With each process shrink and now with the change in modulation, Broadcom has been able to move down the amount of power to deliver a level of bandwidth, and even with keeping the process at 16 nanometers with the Tomahawk-3, the power consumption per port is going to drop by about 40 percent compared to the Tomahawk-2. This is one reason why switch makers relying on Broadcom parts will be able to cram lots of ports onto their devices, because the power density is going to go down. Based on the data we have seen (which shows relative power draw versus absolute wattage figures for 100 Gb/sec ports), the Tomahawk-3 draws a little more than half the power of the port on a Tomahawk-1, and it is about a quarter of the power draw of the Trident+ chip from 2010, which could do 640 Gb/sec aggregate or only a twentieth of the bandwidth, with ten 10 Gb/sec ports aggregated. This is a big improvement in watts per gigabits per second.

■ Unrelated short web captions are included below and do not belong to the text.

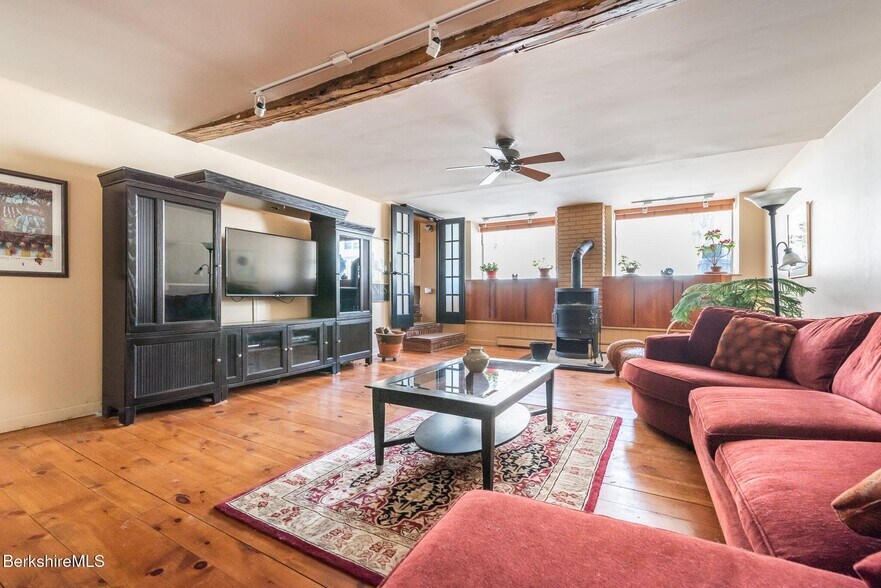 More Photos Of 4 Main St, West Stockbridge Apartments For Sale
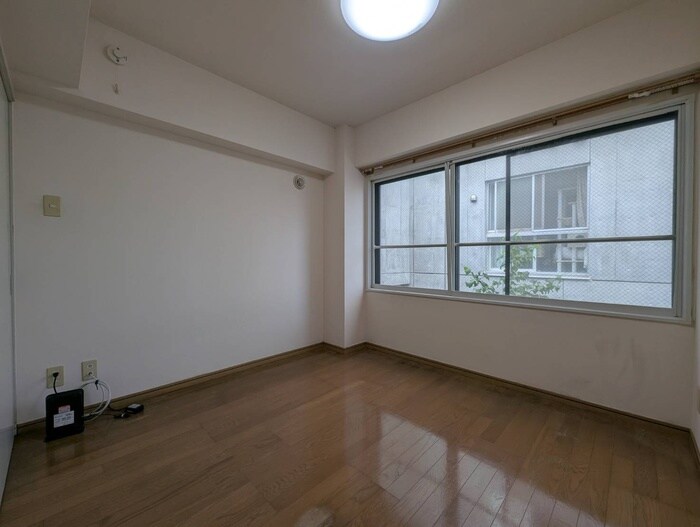 物件内観写真5　(居室)
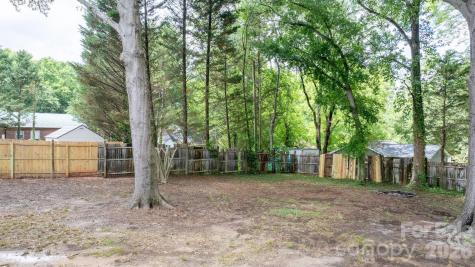 355 15th Avenue NE Hickory NC 28601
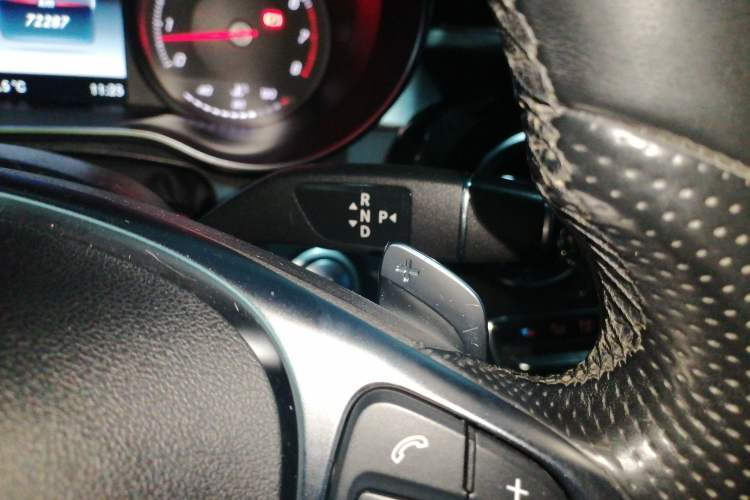 Used Mercedes-Benz C-Class 2018 C 200 Coupe Gear Lever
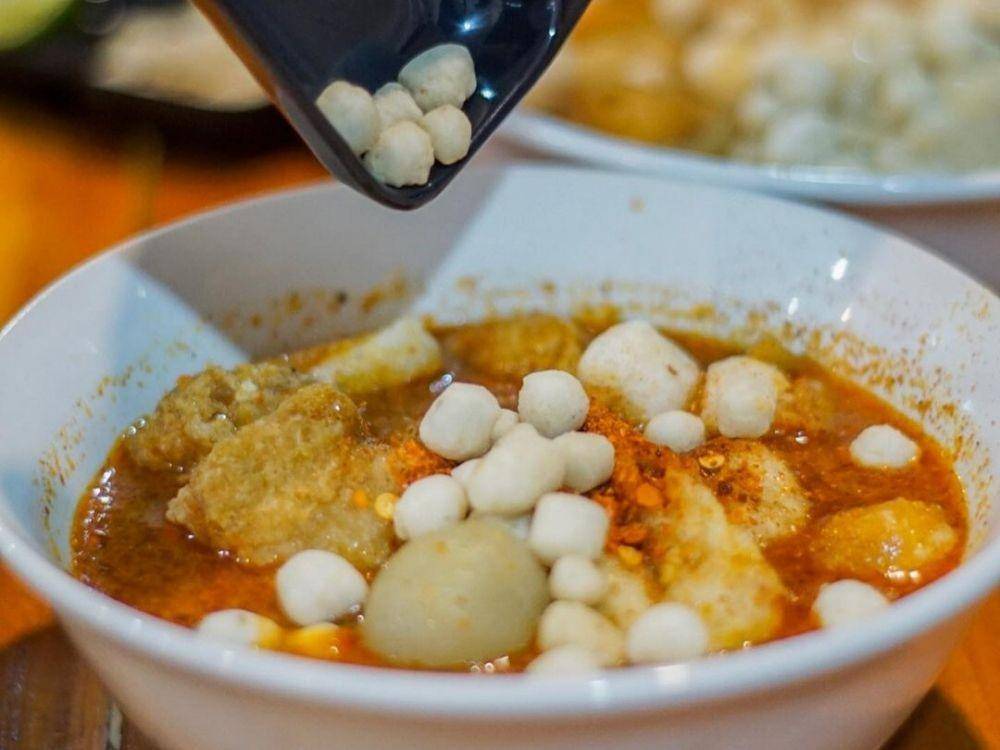 Menuang kacang sukro ke dalam baso aci (instagram.com/norlailads)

Because of the high radix nature of the Tomahawk-3, Sankar says that the cost to deliver a 100 Gb/sec Ethernet port will drop by 75 percent compared to the Tomahawk-2, and that is a huge drop and one that hyperscalers and cloud builders are pushing for. Because of the limitations in terms of bandwidth and port count on switch chips in the last decade, it takes a lot of chips to make a Clos network that can span datacenters with tens to hundreds of thousands of servers, and this has been driving up networking costs relative to other costs to the point where networking has pushed above 20 percent of the total capital outlay for iron in the datacenter and was kissing 25 percent in some instances. With higher port counts on each chip, it takes fewer chips to interlink all of the devices in a hyperscale datacenter. Facebook’s “Backpack” modular switch is a good example of being able to cut down the switch chips and therefore the costs:
The Backpack switch was designed to deliver 128 ports running at 100 Gb/sec, and it had to go modular to do so because no one chip had that many ports. In fact, as you can see, this modular switch had eight Tomahawk-1 chips, two per card, acting as leaf switches and another four Tomahawk-1 chips acting as the interconnect for those switch blades. (This modular switch is, in effect, a self-contained spine-leaf network in a can.) Now, those dozen Tomahawk-1 chips running in an 8U modular server can be replaced with a single 1U fixed port switch using a single Tomahawk-3 chip, which cuts the cost by 85 percent and the power consumption by 75 percent.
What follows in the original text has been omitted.